Warner Bros. Finally Realizes That 'Pirates' Are Underserved Customers

from the took-you-this-long? dept

We've discussed in the past just how backwards Warner Bros. has been at times in responding to "piracy." So it's a bit amusing that many, many, many years after plenty of us have been pointing this out (and have been told directly by folks at Warner Bros. that we're "full of it") that the company is finally recognizing that those who infringe are really just underserved customers, whom they didn't give a good reason to buy:
Pirates Make Purchases: Few subsist on copyright infringement alone; typical pirates steal in addition to making legitimate entertainment purchases like boxoffice, DVD and even online transactions. Even the most diehard pirates spend some money, though less than more casual infringers. "One of the main things we're doing is looking at why they do things legitimately on certain products and not on others," said [WB's director of business intelligence, Ben] Karakunnel.
Apparently, they just started looking at this data only 18 months ago.
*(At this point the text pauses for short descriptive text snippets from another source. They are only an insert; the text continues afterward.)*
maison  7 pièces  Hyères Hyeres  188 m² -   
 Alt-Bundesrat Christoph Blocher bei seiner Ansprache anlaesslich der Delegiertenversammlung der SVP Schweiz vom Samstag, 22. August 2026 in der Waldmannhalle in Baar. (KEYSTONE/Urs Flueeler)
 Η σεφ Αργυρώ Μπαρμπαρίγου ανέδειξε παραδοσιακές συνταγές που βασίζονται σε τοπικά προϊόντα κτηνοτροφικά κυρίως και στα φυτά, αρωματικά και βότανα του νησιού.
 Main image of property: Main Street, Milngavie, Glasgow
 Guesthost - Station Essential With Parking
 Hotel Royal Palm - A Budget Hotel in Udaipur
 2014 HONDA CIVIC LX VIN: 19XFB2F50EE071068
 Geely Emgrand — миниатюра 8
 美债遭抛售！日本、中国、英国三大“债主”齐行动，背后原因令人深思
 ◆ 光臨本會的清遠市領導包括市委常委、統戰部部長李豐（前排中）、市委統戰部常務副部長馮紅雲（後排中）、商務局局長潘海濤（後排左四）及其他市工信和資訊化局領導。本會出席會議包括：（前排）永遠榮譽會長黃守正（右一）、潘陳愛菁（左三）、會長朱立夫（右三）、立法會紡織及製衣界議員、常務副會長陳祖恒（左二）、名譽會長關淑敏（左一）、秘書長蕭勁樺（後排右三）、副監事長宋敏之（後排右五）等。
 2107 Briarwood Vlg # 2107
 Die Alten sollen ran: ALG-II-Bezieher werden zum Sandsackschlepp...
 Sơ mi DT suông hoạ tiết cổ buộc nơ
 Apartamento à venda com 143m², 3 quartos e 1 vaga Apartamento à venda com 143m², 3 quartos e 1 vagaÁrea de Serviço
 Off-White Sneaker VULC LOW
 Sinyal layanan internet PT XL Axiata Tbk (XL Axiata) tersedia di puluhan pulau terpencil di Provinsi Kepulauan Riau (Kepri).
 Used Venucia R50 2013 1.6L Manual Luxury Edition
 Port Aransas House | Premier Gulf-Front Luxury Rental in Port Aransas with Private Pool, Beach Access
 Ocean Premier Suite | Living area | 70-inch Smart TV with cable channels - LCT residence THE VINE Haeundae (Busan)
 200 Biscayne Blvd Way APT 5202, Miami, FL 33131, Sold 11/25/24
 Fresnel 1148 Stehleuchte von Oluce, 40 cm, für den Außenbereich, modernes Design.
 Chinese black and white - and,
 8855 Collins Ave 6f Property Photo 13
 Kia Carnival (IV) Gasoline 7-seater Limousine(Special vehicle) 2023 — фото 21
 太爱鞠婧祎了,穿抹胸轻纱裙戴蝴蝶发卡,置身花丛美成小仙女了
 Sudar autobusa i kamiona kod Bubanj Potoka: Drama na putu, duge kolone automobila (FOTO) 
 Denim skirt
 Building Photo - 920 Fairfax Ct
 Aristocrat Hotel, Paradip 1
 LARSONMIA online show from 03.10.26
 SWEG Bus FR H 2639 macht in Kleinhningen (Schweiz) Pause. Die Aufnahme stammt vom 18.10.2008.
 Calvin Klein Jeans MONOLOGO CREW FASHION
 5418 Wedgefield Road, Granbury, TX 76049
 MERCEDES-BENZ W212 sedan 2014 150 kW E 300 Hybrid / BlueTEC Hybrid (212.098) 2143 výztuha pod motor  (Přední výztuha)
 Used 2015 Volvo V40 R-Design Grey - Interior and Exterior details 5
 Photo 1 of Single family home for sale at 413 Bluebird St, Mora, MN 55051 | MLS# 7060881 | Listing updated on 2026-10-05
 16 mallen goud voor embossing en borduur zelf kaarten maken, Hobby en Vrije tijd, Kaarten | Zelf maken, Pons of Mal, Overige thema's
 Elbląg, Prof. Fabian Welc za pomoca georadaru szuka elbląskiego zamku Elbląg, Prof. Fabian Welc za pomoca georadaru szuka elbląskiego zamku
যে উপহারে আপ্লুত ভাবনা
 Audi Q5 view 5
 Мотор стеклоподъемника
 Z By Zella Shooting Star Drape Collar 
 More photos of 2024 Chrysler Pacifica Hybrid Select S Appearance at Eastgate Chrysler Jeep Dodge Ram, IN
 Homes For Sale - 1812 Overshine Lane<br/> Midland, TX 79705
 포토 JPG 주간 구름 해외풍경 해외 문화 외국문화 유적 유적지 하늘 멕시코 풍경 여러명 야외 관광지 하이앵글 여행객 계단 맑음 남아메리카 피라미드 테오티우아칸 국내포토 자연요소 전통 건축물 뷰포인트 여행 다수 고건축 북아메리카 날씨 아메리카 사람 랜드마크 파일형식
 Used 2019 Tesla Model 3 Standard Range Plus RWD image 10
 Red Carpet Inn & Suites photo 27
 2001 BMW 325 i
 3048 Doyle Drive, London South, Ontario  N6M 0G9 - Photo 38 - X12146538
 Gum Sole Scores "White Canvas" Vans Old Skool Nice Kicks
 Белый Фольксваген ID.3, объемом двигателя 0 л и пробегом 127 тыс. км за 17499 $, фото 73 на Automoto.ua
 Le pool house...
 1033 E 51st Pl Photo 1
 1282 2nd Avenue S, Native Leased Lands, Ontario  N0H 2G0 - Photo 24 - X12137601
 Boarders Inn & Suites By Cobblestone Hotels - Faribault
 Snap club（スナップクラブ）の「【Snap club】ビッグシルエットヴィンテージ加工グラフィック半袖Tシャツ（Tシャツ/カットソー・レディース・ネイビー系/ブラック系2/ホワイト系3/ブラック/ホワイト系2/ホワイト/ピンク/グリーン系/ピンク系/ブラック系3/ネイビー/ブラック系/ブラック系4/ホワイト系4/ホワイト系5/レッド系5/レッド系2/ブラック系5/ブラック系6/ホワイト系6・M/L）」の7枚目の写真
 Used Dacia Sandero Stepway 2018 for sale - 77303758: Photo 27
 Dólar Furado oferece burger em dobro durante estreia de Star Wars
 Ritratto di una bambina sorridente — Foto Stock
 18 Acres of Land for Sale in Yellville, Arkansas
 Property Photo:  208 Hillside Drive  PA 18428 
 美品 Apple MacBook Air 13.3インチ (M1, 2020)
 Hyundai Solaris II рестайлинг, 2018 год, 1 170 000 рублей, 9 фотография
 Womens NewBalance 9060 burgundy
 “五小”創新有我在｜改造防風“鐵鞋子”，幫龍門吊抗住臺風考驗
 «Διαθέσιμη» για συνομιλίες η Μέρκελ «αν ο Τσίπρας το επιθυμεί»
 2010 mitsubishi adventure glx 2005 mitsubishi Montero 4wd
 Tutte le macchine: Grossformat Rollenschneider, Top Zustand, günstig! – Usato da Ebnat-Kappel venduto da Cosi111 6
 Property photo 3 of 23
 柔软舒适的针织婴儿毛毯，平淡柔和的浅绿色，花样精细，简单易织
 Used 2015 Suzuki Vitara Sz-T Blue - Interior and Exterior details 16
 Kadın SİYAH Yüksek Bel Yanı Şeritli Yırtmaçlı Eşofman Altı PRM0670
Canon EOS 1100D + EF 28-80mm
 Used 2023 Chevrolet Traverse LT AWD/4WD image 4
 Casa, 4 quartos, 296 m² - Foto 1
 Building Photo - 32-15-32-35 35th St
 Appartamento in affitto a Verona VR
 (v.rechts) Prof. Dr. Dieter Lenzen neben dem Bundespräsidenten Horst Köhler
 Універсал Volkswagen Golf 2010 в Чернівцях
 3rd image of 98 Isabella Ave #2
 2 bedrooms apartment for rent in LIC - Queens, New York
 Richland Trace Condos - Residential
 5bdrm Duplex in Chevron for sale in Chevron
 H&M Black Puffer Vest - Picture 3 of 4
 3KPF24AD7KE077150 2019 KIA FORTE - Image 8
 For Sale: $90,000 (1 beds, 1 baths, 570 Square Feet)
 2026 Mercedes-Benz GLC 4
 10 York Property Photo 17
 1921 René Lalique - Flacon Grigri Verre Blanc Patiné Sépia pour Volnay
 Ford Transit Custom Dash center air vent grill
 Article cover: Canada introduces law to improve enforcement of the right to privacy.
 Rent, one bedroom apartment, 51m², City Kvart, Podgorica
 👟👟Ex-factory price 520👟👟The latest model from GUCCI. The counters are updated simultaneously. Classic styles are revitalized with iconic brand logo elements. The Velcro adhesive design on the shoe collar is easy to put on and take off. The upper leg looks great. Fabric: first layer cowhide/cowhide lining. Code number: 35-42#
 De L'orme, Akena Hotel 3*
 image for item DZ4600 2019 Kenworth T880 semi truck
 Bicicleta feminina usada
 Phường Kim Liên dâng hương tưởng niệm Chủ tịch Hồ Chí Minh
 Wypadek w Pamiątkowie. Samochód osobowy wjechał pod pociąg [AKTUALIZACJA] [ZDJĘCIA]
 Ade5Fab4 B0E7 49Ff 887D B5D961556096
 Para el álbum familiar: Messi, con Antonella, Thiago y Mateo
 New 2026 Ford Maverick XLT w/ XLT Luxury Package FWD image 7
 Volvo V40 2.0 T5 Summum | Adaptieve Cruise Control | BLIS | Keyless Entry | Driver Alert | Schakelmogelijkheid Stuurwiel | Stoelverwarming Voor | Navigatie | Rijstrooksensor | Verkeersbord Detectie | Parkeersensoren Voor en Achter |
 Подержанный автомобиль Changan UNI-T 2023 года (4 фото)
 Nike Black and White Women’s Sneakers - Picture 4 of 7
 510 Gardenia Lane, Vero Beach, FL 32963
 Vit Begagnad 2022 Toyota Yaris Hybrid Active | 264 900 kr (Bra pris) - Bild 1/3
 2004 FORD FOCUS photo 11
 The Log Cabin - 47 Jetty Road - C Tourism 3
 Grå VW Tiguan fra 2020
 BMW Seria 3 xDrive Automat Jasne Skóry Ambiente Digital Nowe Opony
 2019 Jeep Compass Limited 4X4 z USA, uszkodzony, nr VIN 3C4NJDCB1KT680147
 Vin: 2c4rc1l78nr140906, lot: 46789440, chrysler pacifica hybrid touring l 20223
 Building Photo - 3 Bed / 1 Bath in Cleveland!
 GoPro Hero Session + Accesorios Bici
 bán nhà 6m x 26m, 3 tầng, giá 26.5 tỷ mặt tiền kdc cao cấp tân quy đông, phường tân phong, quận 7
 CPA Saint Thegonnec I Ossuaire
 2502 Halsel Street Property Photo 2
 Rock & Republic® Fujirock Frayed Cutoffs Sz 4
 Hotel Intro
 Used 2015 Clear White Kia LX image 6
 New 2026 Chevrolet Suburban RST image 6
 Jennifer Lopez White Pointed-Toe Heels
Frankly, the fact that they weren't looking at that data seven or eight years ago suggests a dysfunctional management team. What's really silly, of course, is that plenty of folks have made this exact point to people at Warner Bros. and elsewhere for years, and were told that we were just "defending pirates."

Another thing they realized was that in foreign markets, a lot of unauthorized copies are because WB didn't make translated/subtitled versions available quickly enough -- another point that sites like ours have been making for years and which WB just figured out:
In the international markets, illegal WB content in which pirates dub or subtitle themselves is increasingly popular. For one unspecified program Karakunnel used as an example, it wasn't until the third day after its initial airdate that one such pirate-created translated version accounted for 23% of pirated files of that particular program. By day 10, it accounted for 74%.

Said Karakunnel, "If we can get dubbed or subtitled language versions in the first two days, we can beat them to the punch."
Kudos to Warner Bros. for finally figuring this out, but it's pretty amusing that the company thinks this is new, when just a couple years ago it was denying that any of this was possible.

Filed Under: customers, movies, pirates
Companies: warner bros.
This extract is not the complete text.